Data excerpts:
_ _ _ _
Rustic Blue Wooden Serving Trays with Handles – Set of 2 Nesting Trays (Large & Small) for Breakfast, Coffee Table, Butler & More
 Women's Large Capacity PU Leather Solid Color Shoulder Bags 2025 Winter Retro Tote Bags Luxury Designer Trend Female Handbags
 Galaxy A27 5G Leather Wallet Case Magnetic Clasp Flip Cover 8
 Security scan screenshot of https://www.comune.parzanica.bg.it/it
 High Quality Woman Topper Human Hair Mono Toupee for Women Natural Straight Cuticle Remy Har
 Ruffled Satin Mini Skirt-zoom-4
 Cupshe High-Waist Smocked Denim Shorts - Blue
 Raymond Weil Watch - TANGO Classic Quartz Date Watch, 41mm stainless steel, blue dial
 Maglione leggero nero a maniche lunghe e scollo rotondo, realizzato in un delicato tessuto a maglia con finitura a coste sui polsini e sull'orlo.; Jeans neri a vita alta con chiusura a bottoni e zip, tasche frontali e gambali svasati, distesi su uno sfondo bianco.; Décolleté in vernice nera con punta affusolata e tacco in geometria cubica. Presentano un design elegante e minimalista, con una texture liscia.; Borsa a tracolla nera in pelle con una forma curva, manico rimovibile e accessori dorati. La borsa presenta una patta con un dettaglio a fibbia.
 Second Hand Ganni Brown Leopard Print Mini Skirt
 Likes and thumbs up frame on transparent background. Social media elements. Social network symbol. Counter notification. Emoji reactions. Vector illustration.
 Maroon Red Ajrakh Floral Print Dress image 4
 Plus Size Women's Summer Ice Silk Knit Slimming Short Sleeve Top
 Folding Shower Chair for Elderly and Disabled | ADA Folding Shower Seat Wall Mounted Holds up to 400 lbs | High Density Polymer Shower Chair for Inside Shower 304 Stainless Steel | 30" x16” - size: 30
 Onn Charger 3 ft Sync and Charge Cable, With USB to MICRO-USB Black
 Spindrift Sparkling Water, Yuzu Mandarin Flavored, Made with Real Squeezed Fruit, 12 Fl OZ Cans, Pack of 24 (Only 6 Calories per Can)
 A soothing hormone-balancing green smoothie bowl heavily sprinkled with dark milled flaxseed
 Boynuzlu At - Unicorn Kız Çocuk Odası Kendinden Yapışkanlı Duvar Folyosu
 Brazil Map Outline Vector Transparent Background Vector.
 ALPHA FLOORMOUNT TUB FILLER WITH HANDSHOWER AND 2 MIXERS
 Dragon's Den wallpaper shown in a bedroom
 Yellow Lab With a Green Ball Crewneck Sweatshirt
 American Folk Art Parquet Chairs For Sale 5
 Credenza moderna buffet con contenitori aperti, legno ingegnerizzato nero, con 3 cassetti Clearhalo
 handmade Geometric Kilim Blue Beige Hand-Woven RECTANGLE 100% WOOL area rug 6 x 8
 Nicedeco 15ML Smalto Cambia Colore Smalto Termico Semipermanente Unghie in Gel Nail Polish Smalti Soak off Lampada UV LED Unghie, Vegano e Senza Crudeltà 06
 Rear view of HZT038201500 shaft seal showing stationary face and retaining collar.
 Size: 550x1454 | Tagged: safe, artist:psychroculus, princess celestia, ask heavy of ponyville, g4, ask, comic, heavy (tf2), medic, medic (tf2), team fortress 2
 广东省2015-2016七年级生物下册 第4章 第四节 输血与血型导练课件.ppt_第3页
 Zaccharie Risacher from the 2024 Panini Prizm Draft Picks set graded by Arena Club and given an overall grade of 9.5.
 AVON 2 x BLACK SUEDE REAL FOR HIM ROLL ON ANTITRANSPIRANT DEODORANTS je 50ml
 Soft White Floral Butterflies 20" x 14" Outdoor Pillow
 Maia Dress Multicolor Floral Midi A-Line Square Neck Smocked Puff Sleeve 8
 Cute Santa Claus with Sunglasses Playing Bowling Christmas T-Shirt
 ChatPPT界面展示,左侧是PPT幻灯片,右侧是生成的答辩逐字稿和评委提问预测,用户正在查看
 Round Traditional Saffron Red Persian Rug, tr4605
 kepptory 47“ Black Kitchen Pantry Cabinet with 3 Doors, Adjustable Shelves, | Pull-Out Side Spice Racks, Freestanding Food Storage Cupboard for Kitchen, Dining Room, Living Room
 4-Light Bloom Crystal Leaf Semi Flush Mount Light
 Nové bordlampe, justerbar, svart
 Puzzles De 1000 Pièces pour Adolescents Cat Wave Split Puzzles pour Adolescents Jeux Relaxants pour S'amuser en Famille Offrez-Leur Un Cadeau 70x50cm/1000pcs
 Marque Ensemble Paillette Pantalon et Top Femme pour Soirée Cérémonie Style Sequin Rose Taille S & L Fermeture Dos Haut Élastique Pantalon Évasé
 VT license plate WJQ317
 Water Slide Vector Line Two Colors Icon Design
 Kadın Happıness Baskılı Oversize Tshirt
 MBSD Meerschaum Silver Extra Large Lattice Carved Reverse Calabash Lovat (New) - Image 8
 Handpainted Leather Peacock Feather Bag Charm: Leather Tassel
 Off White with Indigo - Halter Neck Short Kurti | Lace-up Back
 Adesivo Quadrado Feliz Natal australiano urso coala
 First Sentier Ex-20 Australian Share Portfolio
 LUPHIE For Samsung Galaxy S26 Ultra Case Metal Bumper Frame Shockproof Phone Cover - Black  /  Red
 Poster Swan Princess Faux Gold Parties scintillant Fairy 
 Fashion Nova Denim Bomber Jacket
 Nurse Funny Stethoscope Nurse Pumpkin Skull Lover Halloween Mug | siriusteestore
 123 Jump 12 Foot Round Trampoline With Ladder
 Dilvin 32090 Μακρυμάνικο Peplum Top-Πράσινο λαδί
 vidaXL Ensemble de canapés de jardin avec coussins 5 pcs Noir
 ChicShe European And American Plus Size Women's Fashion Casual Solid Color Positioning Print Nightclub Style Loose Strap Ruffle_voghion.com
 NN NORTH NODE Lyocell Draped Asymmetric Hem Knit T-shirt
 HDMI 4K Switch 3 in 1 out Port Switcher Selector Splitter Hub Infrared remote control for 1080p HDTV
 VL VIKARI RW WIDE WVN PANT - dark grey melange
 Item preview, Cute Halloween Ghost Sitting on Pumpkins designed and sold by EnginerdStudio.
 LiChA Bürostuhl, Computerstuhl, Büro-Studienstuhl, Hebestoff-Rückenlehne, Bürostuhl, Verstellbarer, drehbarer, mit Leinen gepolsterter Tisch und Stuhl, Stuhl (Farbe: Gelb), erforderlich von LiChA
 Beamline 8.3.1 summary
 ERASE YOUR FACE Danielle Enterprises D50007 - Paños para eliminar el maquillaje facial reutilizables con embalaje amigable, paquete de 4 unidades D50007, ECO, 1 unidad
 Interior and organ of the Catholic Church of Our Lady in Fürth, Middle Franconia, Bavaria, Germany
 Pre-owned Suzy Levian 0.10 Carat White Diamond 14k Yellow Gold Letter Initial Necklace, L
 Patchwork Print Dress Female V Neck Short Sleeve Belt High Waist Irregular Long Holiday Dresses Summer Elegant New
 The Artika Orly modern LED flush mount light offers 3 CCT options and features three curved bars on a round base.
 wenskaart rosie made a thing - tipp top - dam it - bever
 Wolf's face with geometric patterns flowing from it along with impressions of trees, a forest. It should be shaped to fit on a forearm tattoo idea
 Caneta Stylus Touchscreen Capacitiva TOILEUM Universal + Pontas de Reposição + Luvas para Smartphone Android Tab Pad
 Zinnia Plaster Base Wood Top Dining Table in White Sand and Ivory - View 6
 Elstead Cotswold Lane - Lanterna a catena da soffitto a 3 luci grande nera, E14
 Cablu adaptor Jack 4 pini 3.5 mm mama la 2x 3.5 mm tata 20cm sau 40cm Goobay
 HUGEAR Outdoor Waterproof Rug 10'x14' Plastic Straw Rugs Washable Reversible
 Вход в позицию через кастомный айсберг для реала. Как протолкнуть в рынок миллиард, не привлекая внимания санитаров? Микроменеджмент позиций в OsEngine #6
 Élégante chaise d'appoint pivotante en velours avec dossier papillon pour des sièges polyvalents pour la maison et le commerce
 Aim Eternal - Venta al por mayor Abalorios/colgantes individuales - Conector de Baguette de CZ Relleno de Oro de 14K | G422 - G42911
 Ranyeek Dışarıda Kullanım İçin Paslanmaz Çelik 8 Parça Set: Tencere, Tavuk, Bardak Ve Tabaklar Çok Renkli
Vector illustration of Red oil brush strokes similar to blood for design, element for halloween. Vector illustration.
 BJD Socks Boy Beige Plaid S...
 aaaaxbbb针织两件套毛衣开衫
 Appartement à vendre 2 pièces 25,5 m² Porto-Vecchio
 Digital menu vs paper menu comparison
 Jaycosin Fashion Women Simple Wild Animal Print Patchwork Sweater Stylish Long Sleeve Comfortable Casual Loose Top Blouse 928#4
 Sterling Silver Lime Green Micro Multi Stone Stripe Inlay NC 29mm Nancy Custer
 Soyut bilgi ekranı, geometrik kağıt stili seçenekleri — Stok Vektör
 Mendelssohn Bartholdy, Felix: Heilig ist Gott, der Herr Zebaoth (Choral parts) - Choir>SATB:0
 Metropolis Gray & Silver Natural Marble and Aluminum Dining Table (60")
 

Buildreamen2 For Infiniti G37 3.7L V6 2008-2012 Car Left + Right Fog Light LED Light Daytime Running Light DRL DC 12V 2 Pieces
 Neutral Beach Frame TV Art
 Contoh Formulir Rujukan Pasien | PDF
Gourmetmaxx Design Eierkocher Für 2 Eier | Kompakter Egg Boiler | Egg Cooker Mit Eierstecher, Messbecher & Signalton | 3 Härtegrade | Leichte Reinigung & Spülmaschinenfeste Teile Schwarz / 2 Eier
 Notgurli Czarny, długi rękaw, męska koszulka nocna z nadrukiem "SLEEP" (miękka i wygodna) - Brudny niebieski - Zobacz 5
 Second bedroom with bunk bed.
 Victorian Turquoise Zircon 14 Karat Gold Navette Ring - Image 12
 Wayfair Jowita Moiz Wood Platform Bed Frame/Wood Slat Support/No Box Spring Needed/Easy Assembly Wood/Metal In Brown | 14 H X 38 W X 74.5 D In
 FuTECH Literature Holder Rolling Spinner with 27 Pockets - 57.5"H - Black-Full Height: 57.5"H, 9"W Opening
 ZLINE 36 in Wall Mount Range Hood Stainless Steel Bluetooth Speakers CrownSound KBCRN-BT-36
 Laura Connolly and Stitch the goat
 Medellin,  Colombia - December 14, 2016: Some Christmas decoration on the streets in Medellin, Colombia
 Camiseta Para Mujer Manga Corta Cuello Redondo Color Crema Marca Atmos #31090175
_ _ _ _
(Aim of the task): Among the entries above, copy exactly only the lines starting with the one containing "Yellow Lab With" and going through the one containing "First Sentier Ex-20", both ends included.

(Answer to the problem):
 Yellow Lab With a Green Ball Crewneck Sweatshirt
 American Folk Art Parquet Chairs For Sale 5
 Credenza moderna buffet con contenitori aperti, legno ingegnerizzato nero, con 3 cassetti Clearhalo
 handmade Geometric Kilim Blue Beige Hand-Woven RECTANGLE 100% WOOL area rug 6 x 8
 Nicedeco 15ML Smalto Cambia Colore Smalto Termico Semipermanente Unghie in Gel Nail Polish Smalti Soak off Lampada UV LED Unghie, Vegano e Senza Crudeltà 06
 Rear view of HZT038201500 shaft seal showing stationary face and retaining collar.
 Size: 550x1454 | Tagged: safe, artist:psychroculus, princess celestia, ask heavy of ponyville, g4, ask, comic, heavy (tf2), medic, medic (tf2), team fortress 2
 广东省2015-2016七年级生物下册 第4章 第四节 输血与血型导练课件.ppt_第3页
 Zaccharie Risacher from the 2024 Panini Prizm Draft Picks set graded by Arena Club and given an overall grade of 9.5.
 AVON 2 x BLACK SUEDE REAL FOR HIM ROLL ON ANTITRANSPIRANT DEODORANTS je 50ml
 Soft White Floral Butterflies 20" x 14" Outdoor Pillow
 Maia Dress Multicolor Floral Midi A-Line Square Neck Smocked Puff Sleeve 8
 Cute Santa Claus with Sunglasses Playing Bowling Christmas T-Shirt
 ChatPPT界面展示,左侧是PPT幻灯片,右侧是生成的答辩逐字稿和评委提问预测,用户正在查看
 Round Traditional Saffron Red Persian Rug, tr4605
 kepptory 47“ Black Kitchen Pantry Cabinet with 3 Doors, Adjustable Shelves, | Pull-Out Side Spice Racks, Freestanding Food Storage Cupboard for Kitchen, Dining Room, Living Room
 4-Light Bloom Crystal Leaf Semi Flush Mount Light
 Nové bordlampe, justerbar, svart
 Puzzles De 1000 Pièces pour Adolescents Cat Wave Split Puzzles pour Adolescents Jeux Relaxants pour S'amuser en Famille Offrez-Leur Un Cadeau 70x50cm/1000pcs
 Marque Ensemble Paillette Pantalon et Top Femme pour Soirée Cérémonie Style Sequin Rose Taille S & L Fermeture Dos Haut Élastique Pantalon Évasé
 VT license plate WJQ317
 Water Slide Vector Line Two Colors Icon Design
 Kadın Happıness Baskılı Oversize Tshirt
 MBSD Meerschaum Silver Extra Large Lattice Carved Reverse Calabash Lovat (New) - Image 8
 Handpainted Leather Peacock Feather Bag Charm: Leather Tassel
 Off White with Indigo - Halter Neck Short Kurti | Lace-up Back
 Adesivo Quadrado Feliz Natal australiano urso coala
 First Sentier Ex-20 Australian Share Portfolio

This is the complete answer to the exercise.